### Brief
Go through the entries one line at a time, and gather every line that has the word "Picture".

### Extracted material
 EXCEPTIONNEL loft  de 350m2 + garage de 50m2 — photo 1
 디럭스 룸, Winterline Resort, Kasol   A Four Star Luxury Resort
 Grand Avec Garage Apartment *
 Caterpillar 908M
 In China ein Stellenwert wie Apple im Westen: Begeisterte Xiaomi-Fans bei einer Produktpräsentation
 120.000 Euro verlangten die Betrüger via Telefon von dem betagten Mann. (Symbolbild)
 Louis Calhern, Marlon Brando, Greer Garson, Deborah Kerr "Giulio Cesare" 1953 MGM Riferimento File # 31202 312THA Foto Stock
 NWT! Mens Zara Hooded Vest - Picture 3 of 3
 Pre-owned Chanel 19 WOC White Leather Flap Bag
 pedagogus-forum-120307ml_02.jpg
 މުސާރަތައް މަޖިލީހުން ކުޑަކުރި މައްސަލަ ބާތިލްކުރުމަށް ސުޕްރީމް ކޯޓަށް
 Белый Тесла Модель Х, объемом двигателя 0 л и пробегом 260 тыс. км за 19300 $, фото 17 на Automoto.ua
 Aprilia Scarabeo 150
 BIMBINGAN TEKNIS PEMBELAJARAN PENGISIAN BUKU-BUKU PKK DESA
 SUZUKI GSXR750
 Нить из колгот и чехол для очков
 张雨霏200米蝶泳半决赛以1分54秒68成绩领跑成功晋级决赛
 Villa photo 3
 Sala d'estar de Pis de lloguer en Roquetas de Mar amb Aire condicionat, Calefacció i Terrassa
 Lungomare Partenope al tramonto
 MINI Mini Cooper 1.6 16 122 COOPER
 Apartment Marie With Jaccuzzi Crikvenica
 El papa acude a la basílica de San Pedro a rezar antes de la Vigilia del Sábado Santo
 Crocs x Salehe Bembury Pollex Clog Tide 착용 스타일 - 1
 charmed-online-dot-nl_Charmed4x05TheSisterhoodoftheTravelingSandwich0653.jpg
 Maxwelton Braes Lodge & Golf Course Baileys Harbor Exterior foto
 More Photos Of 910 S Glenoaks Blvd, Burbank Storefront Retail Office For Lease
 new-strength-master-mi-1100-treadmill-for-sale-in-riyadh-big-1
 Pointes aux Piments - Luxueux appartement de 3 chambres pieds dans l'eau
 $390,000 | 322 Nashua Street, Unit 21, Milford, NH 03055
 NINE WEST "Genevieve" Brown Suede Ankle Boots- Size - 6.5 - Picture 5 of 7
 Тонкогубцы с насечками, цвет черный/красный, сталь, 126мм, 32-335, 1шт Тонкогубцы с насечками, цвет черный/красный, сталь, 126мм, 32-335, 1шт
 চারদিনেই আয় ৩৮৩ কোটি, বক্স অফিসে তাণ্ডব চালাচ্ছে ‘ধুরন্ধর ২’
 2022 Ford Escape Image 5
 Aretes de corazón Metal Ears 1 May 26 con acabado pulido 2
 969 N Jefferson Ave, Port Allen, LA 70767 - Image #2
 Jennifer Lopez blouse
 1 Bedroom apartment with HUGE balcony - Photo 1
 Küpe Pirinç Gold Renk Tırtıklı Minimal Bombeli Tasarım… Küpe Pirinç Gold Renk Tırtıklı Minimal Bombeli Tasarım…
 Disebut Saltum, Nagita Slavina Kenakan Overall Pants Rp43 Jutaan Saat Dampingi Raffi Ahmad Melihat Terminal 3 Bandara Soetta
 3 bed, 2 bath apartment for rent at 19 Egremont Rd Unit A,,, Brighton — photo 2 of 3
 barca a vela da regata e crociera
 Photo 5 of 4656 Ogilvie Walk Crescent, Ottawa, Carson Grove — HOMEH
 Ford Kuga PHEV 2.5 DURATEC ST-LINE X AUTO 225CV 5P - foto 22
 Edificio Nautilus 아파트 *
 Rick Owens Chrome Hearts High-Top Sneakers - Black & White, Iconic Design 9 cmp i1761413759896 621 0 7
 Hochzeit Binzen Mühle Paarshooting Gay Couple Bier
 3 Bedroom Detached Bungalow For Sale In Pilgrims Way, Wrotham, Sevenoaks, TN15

### Written solution
 NWT! Mens Zara Hooded Vest - Picture 3 of 3
 NINE WEST "Genevieve" Brown Suede Ankle Boots- Size - 6.5 - Picture 5 of 7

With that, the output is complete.